A large roller in the form of a uniform cylinder is pulled by a tractor to compact earth; it has a 1.80-m diameter and weighs $10 \mathrm{kN}$. If frictional losses can be ignored, what average horsepower must the tractor provide to accelerate the cylinder from rest to a speed of $4.0 \mathrm{~m} / \mathrm{s}$ in a horizontal distance of $3.0 \mathrm{~m}$ ?
The power required is equal to the work done by the tractor divided by the time it takes.

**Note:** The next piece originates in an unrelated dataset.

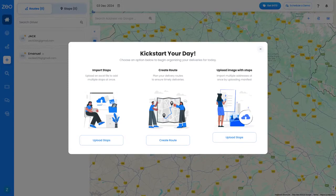Welcome to Zeo Route Planner. Today we will learn how to make a driver part of the fleet.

The tractor does the following work:
$$
\text { Work }=(\Delta \mathrm{KE})_{r}+(\Delta \mathrm{KE})_{t}=\frac{1}{2} I \omega_{f}^{2}+\frac{1}{2} m v_{f}^{2}
$$
We have $v_{f}=4.0 \mathrm{~m} / \mathrm{s}, \omega_{f}=v_{f} / r=4.44 \mathrm{rad} / \mathrm{s}$, and $m=10000 / 9.81=1019 \mathrm{~kg} .$ The moment of inertia of
the cylinder is
$$
I=\frac{1}{2} m r^{2}=\frac{1}{2}(1019 \mathrm{~kg})(0.90 \mathrm{~m})^{2}=413 \mathrm{~kg} \cdot \mathrm{m}^{2}
$$
Substituting these values, the work required tums out to be $12.23 \mathrm{~kJ}$.
We still need the time taken to do this work. Because the roller went $3.0 \mathrm{~m}$ with an average velocity $v_{\mathrm{av}}=\frac{1}{2}(4+0)=2.0 \mathrm{~m} / \mathrm{s}$
$$
t=\frac{s}{v_{a v}}=\frac{3.0 \mathrm{~m}}{2.0 \mathrm{~m} / \mathrm{s}}=1.5 \mathrm{~s}
$$
Then $\quad$ Power $=\frac{\text { Work }}{\text { Time }}=\frac{12230 \mathrm{~J}}{1.5 \mathrm{~s}}=(8150 \mathrm{~W})\left(\frac{1 \mathrm{hp}}{746 \mathrm{~W}}\right)=11 \mathrm{hp}$